▸ What the exercise asks: In this exercise, the entries below include pictures. Repeat exactly the lines from the line with "FILE - Vincent" to the line with "Driver tuning radio", including both, but without the pictures.
-------- Data records --------
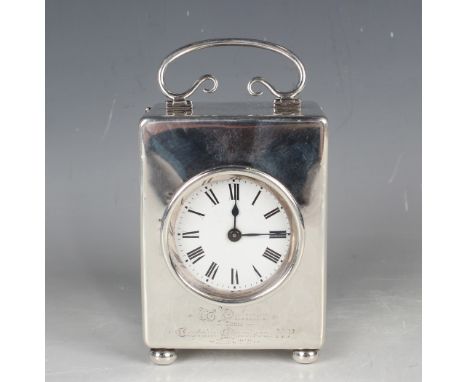 An Edwardian silver cased carriage timepiece with scroll carrying handle above a circular white enamel dial with Roman numera
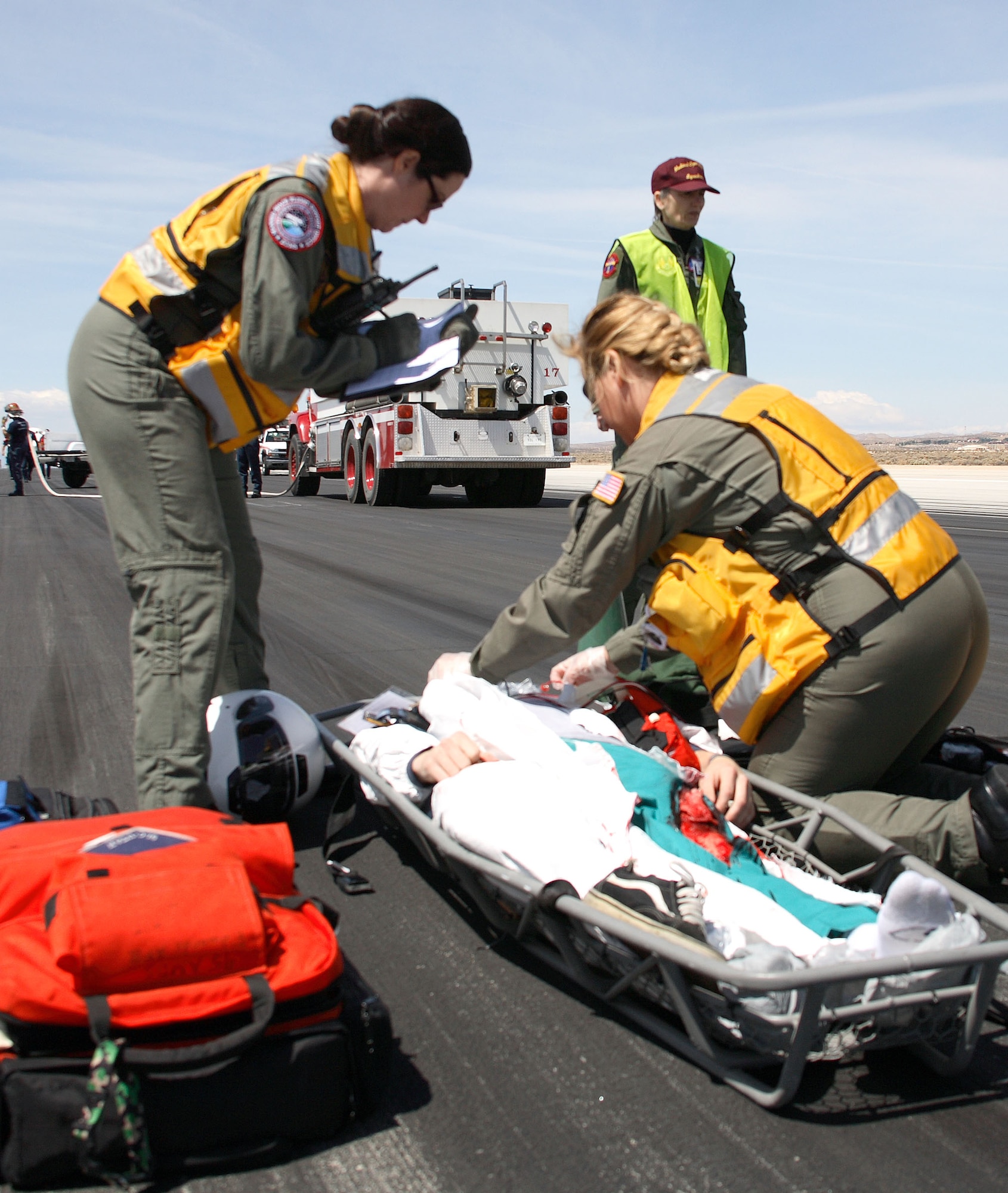 Medics attend to an "astronaut" during the shuttle landing exercise here May 5. As a secondary landing site, Edwards is required to conduct two exercises a year to make sure the base's capabilities to support shuttle landings still meet NASA's standards. (Photo by Jet Fabara)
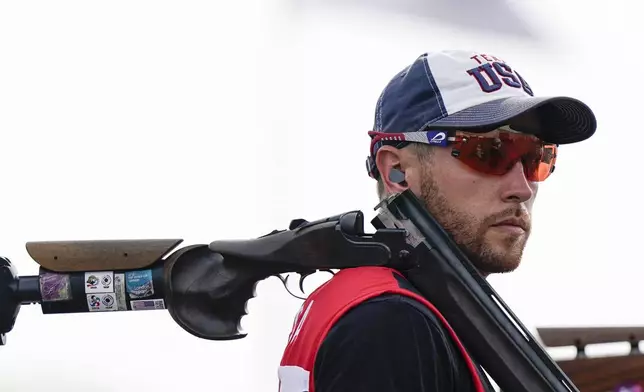 FILE - Vincent Hancock, of the United States, pauses as he competes in the men's skeet at the Asaka Shooting Range in the 2020 Summer Olympics, Monday, July 26, 2021, in Tokyo, Japan. Hancock went on to take the gold medal. (AP Photo/Alex Brandon, File)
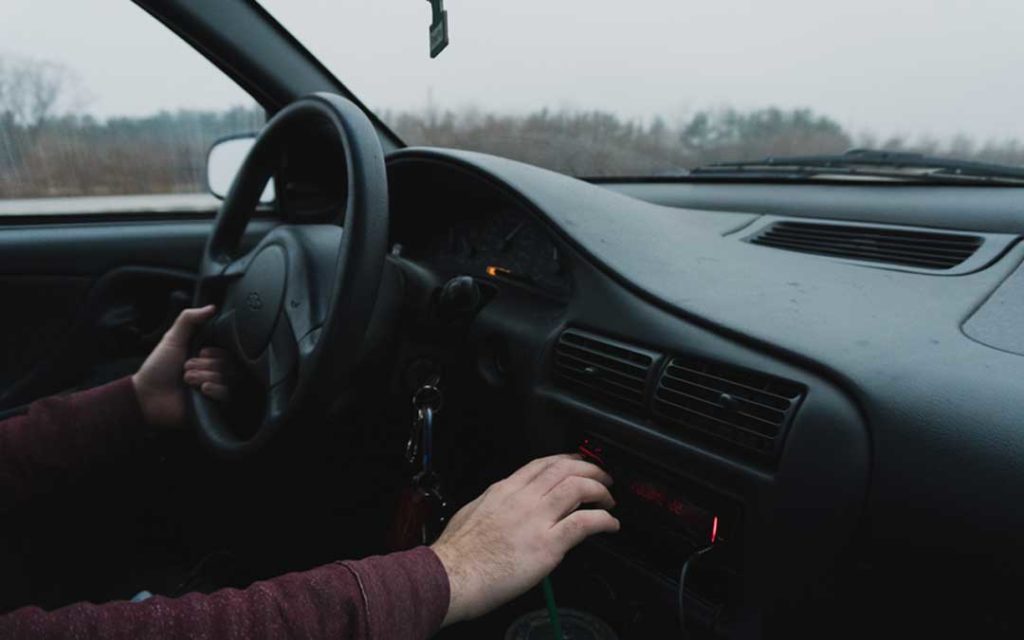 Driver tuning radio is an example of distracted driving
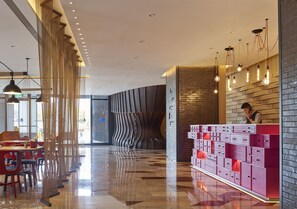 A modern hotel lobby with a reception desk, seating area, and decorative lighting. - Hotel Indigo Kaohsiung Central Park by IHG (Kaohsiung)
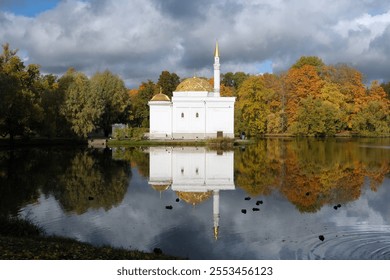 The building of a white mosque on the shore of a lake, reflecting in it - Powered by Shutterstock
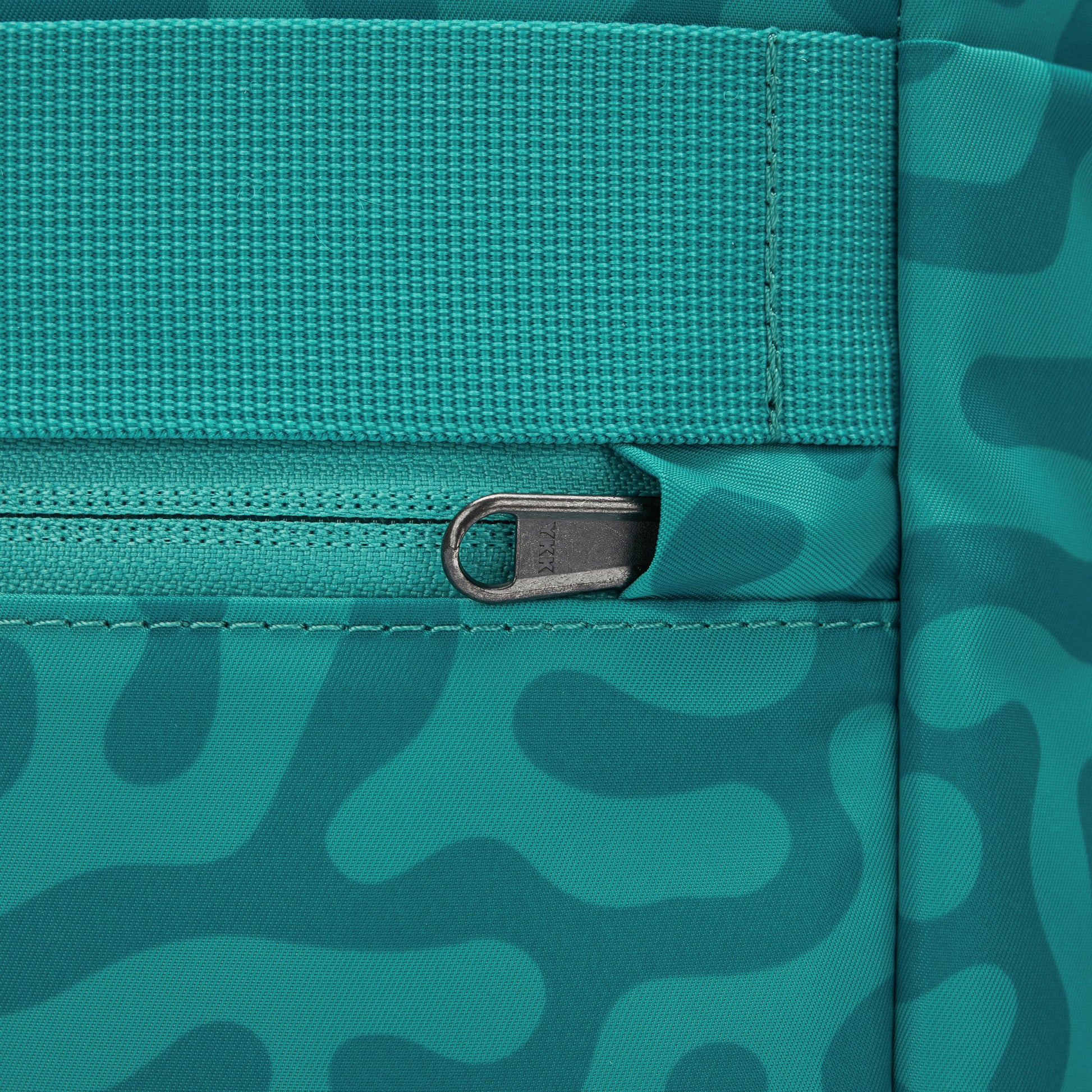 Close up of security pocket on back with tucked zipper pull for added security.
--------
▸ Task output:
 FILE - Vincent Hancock, of the United States, pauses as he competes in the men's skeet at the Asaka Shooting Range in the 2020 Summer Olympics, Monday, July 26, 2021, in Tokyo, Japan. Hancock went on to take the gold medal. (AP Photo/Alex Brandon, File)
 Driver tuning radio is an example of distracted driving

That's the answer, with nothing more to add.